Albridge Advisor Rankings may have answers for advisors

That is the question that Albridge Solutions wants to help advisors answer. The firm has developed a report that rates advisors versus peers in four categories: performance, activity, diversification and growth. The information is for advisors' own use, meaning Albridge is not currently planning to publish ratings the way Morningstar does, but advisors with good ratings might want to use the ratings in promotional literature or advertising, subject to regulatory approval. The Albridge Advisor Report is for advisors "who are taking a strategic view of their business," in terms of practice management, says Rob Gregov, director of information services at Albridge. For the Advisor Rating, Albridge uses statistics on an advisor's risk-adjusted rates of return, asset turnover, allocation, diversification, and sales growth, benchmarking those against a peer group of 5,000-10,000 like advisors. The company uses a percentile system based on the bell curve in which the top 10% of advisors get a five-star ranking, the next 20% get four stars, the next 20% get three stars, the next 20% get two stars, and the last 10% get one star.

The ratings could be used in a number of ways, according to Gregov. An advisor with the top rating might use this to differentiate her practice, telling clients "I am a five-star Albridge-rated advisor," and asking how that compares with a client's other advisors. Gregov says having a percentile ranking versus peers could help in other ways as well. If an advisor is a heavy user of a particular firm's mutual funds and sees that peers use a lower percentage, perhaps that gives the advisor an advantage in the next round of fee negotiations with that fund company. Meanwhile, if an advisor sees that his assets are growing by 20%, but his peer group is growing by 30%, he can look at "very specific things that other people are doing to be successful," says Stuart Tarmy, VP of marketing at Albridge, including what types of investments they are using and in what allocations. All of this is done in aggregate-based on an advisor's particular peer group.

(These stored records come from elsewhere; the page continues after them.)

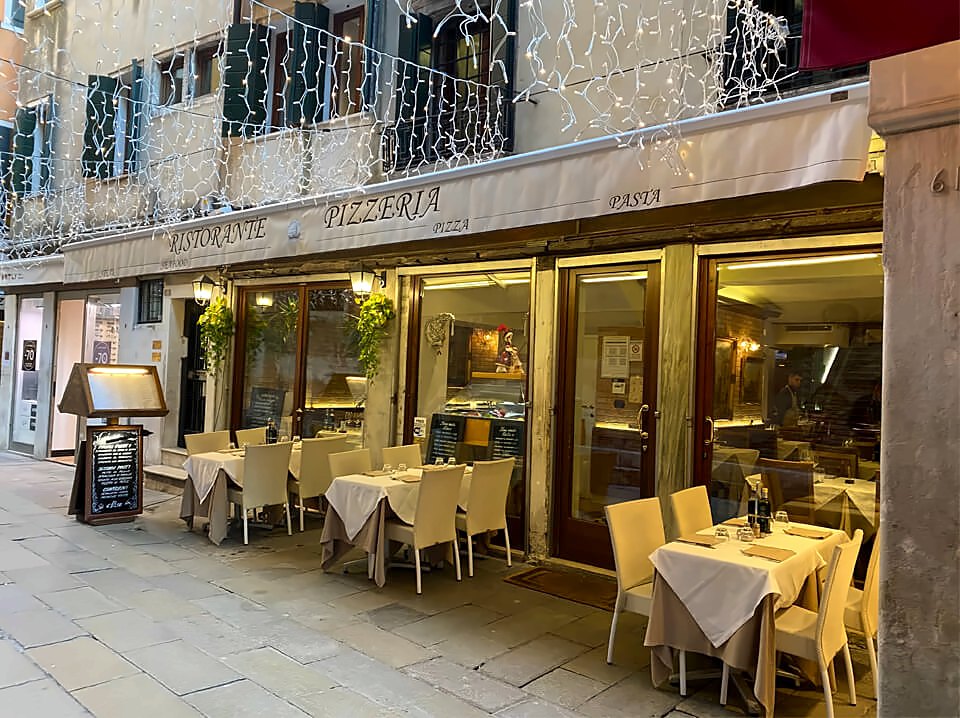 Ristorante La Piazza's outdoor tables in front of the restaurant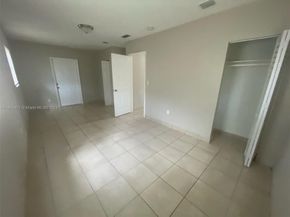 21200 NE 12th Ct, Miami FL 33179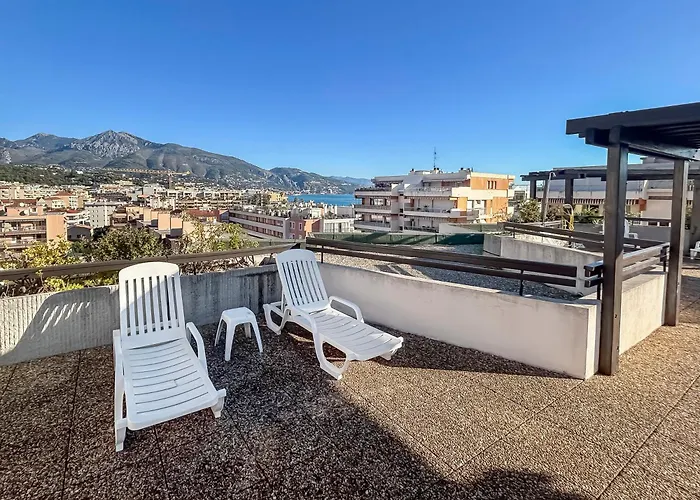 Avec Piscine, Balcon Prive A 5 Min Daire *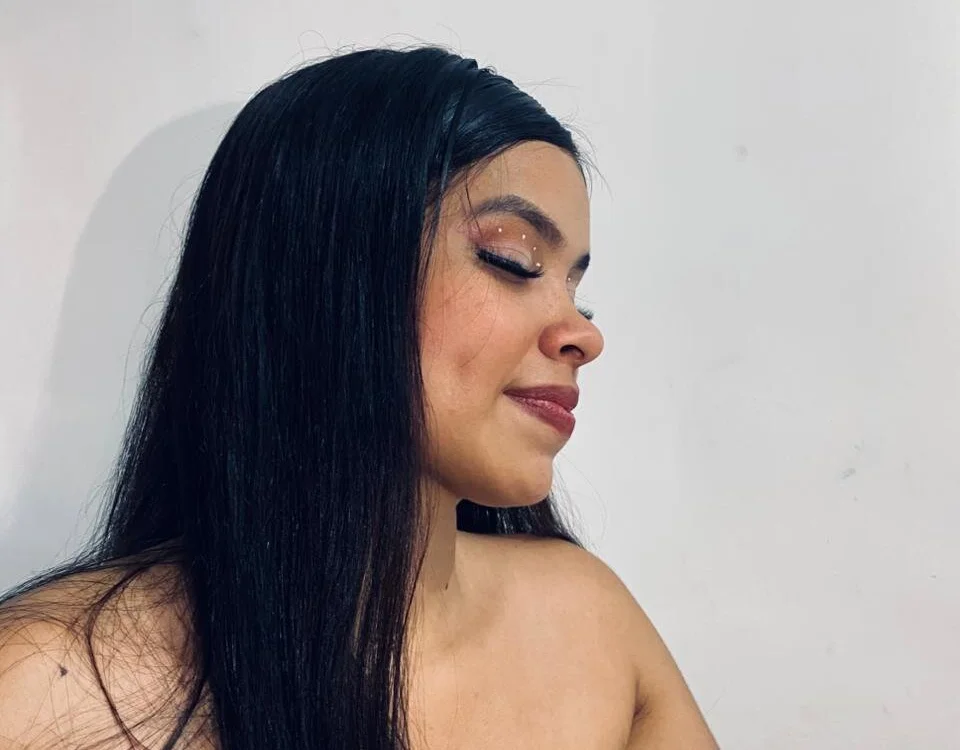 Emily_Wllians' Offline XXX Chat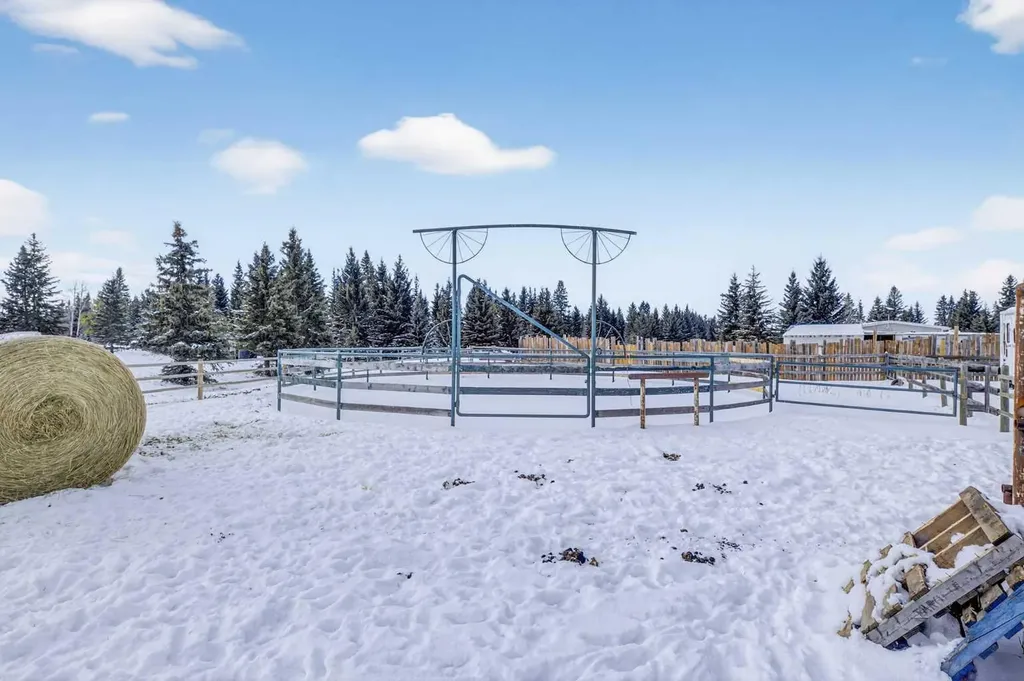 32460 Range Road 61 Rural Mountain View County AB T0M 1X0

Albridge uses transaction data that it gets daily from about 100 financial institutions that are clients for its other services to calculate the Advisor Ratings and in the Advisor Report, which is delivered quarterly in an electronic PDF format. To be rated, an advisor's broker/dealer or clearing broker has to be using Albridge's transaction-oriented services. Pricing will be variable, according to assets under management.